Treasuries fell for a third day as a decline in U.S. unemployment-insurance claims and a gain in retail sales sapped demand at the government’s auction of $13 billion of 30-year bonds.
Losses were tempered by concern a budget standoff may push the U.S. economy into recession. The sale drew a yield of 2.917 percent, the highest since May, versus a 2.889 percent forecast in a Bloomberg News survey of six of the Federal Reserve’s 21 primary dealers. Long bonds had erased losses just before the auction after U.S. House Speaker John Boehner said President Barack Obama isn’t serious about resolving the fiscal stalemate.

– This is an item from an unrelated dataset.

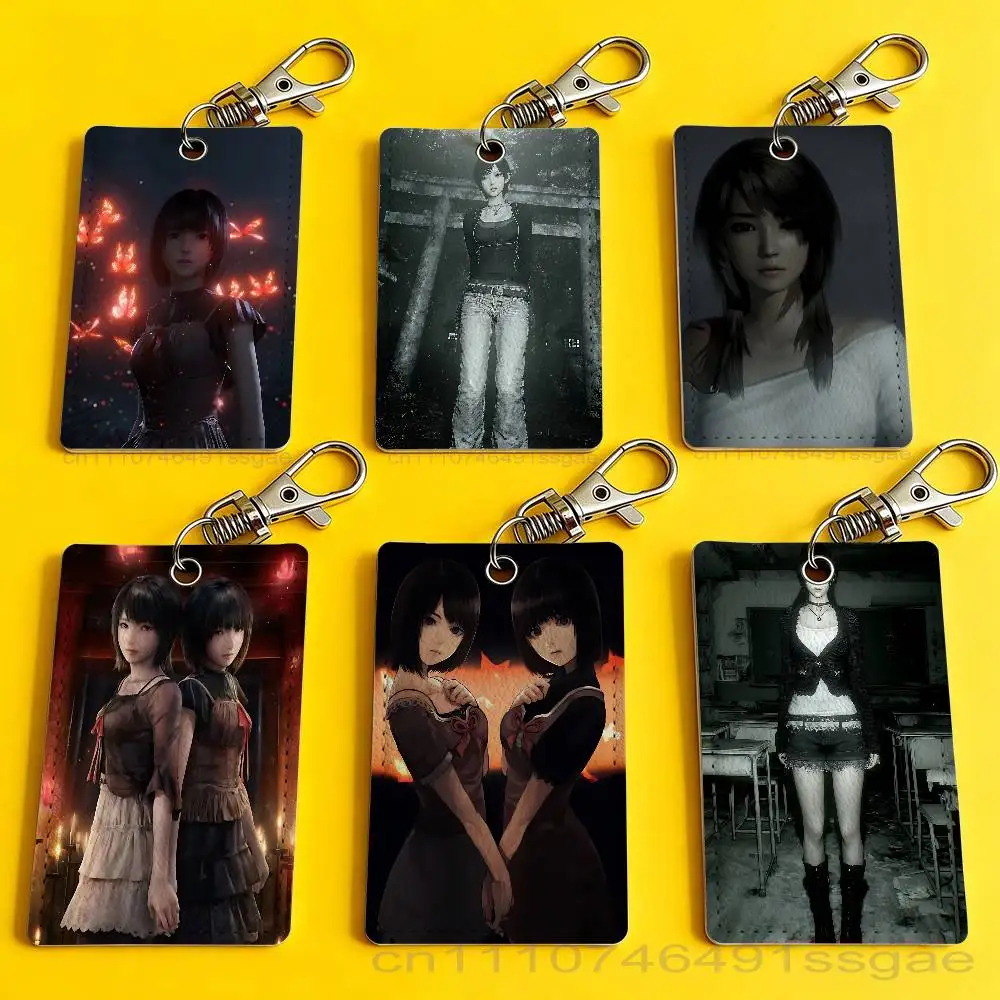 

Game F-Fatal Frame Card Holder Men And Womenn Universal Antirust Keychain Learther Access Drop Key Tag Ring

“The market got ahead of itself before the bid,” said Jim Vogel, head of agency-debt research at FTN Financial in Memphis, Tennessee. “There remains continued optimism that the economy will be better next year as long as headwinds die down.”
The yield on the current 30-year bond increased two basis points, or 0.02 percentage point, to 2.91 percent at 3:46 p.m. in New York, according to Bloomberg Bond Trader data. It reached 2.93 percent earlier, the highest level since Nov. 2, before touching 2.88 percent. The 2.75 percent security due in November 2042 fell 11/32, or $3.44 per $1,000 face amount, to 96 7/8.
Yields on the benchmark 10-year note rose three basis points to 1.73 percent. They touched 1.74 percent, the highest since Nov. 7.
Stocks slid as U.S. lawmakers from both political parties expressed renewed pessimism today about the prospects for resolving the budget struggle before more than $600 billion automatic in tax increases and spending cuts start taking effect in January. The Congressional Budget Office has said that if nothing changes, the stalemate probably would lead to a recession.
The Standard & Poor’s 500 Index dropped as much as 0.9 percent, snapping a six-day winning streak.
At today’s auction, the bid-to-cover ratio, which gauges demand by comparing total bids with the amount of securities offered, was 2.5, versus an average 2.61 at the past 10 sales. The ratio was 2.77 percent at the November sale, the highest level this year.
Indirect bidders, an investor class that includes foreign central banks, purchased 33.7 percent of the notes. That compared with 45.4 percent of the notes at the November sale, the most since April 2011, and an average for the past 10 offerings of 33.9 percent.
Direct bidders, non-primary dealer investors that place their bids directly with the Treasury, purchased 20.3 percent, the most since June., versus 12.4 percent at the last sale and an average of 14.9 percent at the past 10.